World Cup 2018 Predictions: Group-Stage Projections, Fixtures, Locations, More | Bleacher Report

This photo taken on Monday, April 23, 2018, shows an aerial view of the World Cup Luzhniki stadium with the Moscow River and the State University in the background in Moscow, Russia. The Luzhniki stadium will hold the 2018 World Cup final. (AP Photo/Dmitry Serebryakov)

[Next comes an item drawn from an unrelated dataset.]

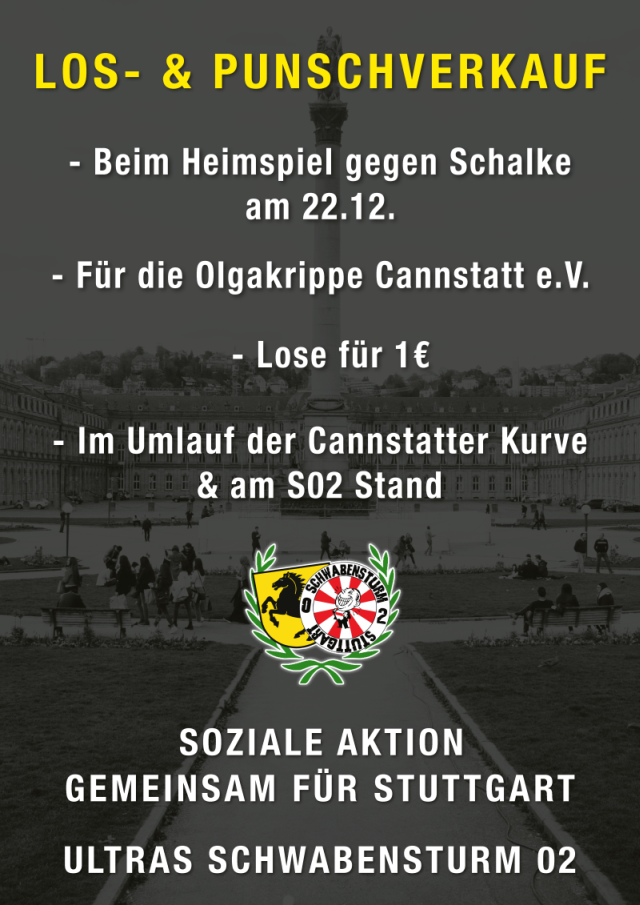 Lose und Punschberkauf für den guten Zweck! - VfB Stuttgart | Ankündigung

Dmitry Serebryakov/Associated Press

The 2018 FIFA World Cup kicks off on Thursday as teams finally get their campaigns under way after months of preparation.

The games will take place at 12 different venues spread across Russia, with the opening match and the final being played at the Luzhniki Stadium, Moscow.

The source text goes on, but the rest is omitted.